• SUPPLIED INFORMATION:
--------------------
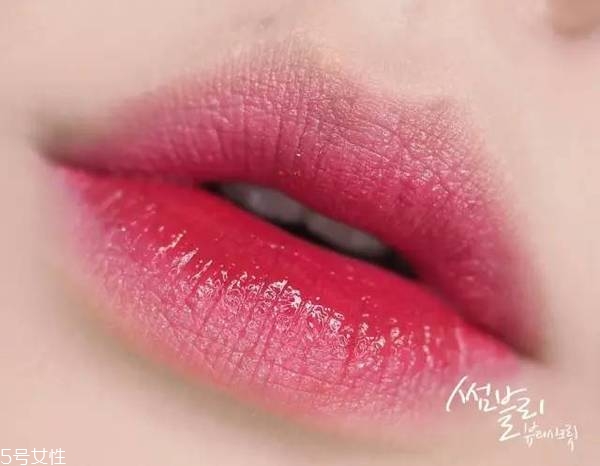 ysl唇釉105和12的區(qū)別 圣羅蘭ysl唇釉105和12哪個好看 ysl唇釉105和12的區(qū)別 圣羅蘭ysl唇釉105和12哪個好看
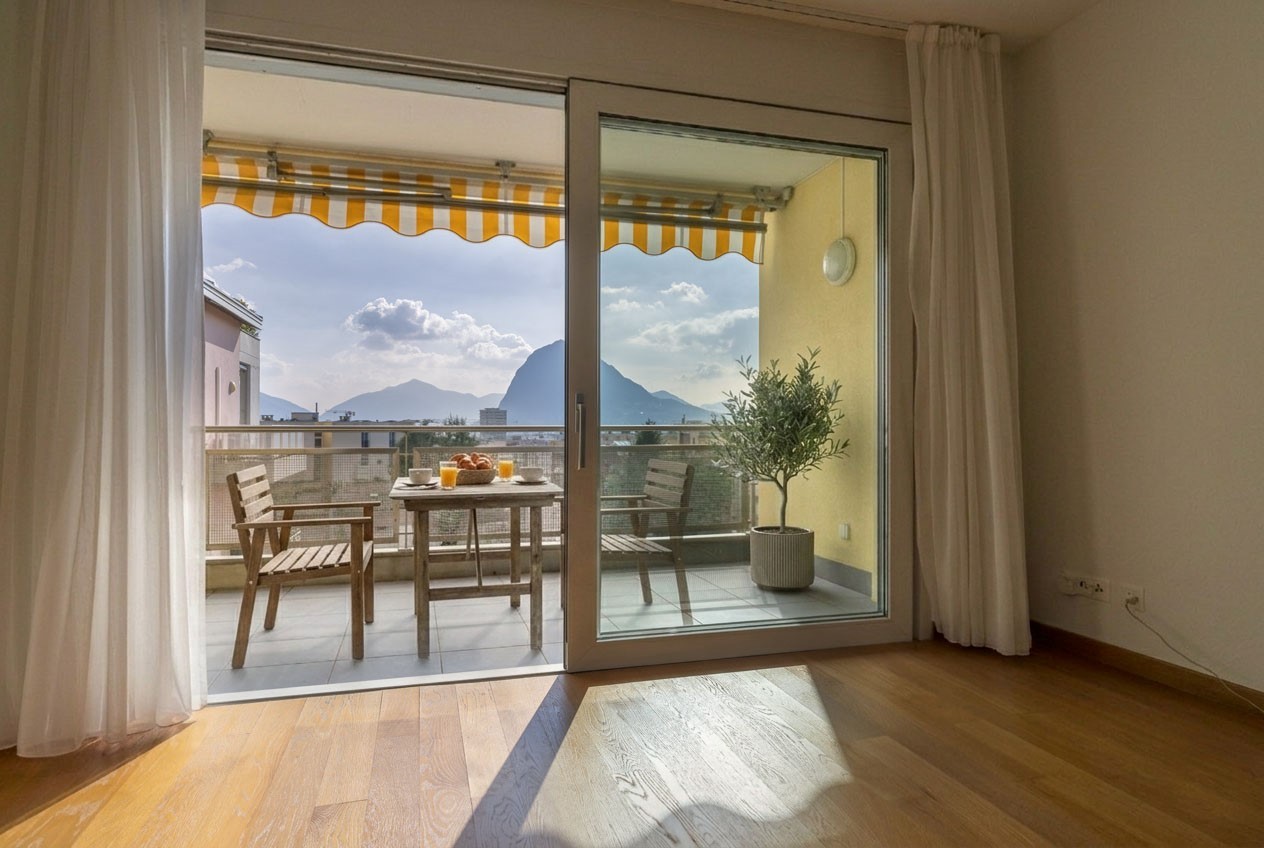 Wohnraum mit Balkon und Bergblick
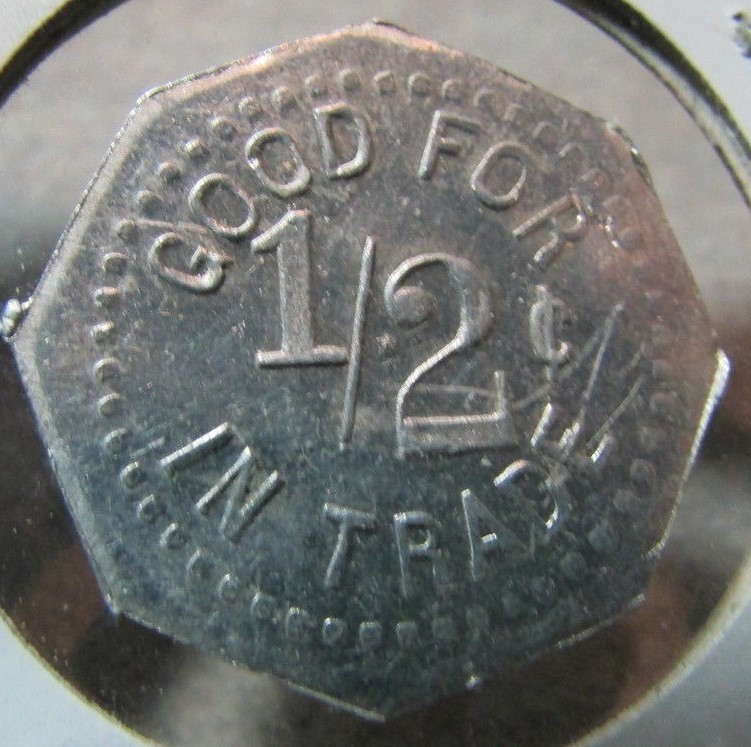 Munsingwear Clothing Cafeteria Minneapolis, MN 1/2c Trade Token Minnesota Minn.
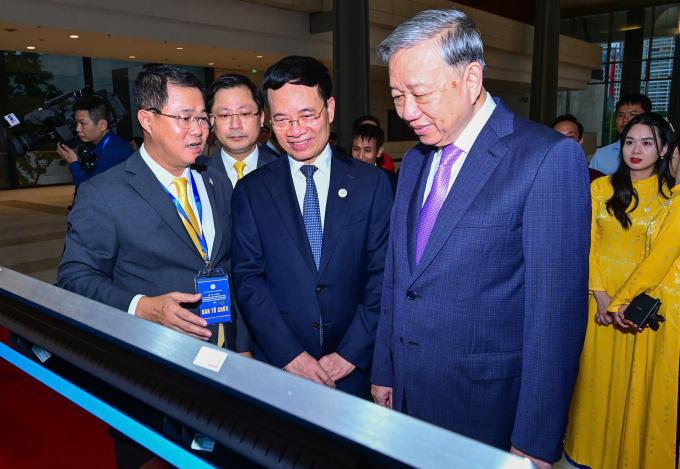 Tổng bí thư Tô Lâm và Bộ trưởng Nguyễn Mạnh Hùng tra cứu cơ sở dữ liệu 10.000 liệt sĩ ngành Bưu chính Viễn thông và Khoa học Công nghệ. Ảnh: Giang Huy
--------------------
Using the material above, set down every line exactly, but skip the pictures.

• RESPONSE FOR THIS EXERCISE:
 ysl唇釉105和12的區(qū)別 圣羅蘭ysl唇釉105和12哪個好看 ysl唇釉105和12的區(qū)別 圣羅蘭ysl唇釉105和12哪個好看
 Wohnraum mit Balkon und Bergblick
 Munsingwear Clothing Cafeteria Minneapolis, MN 1/2c Trade Token Minnesota Minn.
 Tổng bí thư Tô Lâm và Bộ trưởng Nguyễn Mạnh Hùng tra cứu cơ sở dữ liệu 10.000 liệt sĩ ngành Bưu chính Viễn thông và Khoa học Công nghệ. Ảnh: Giang Huy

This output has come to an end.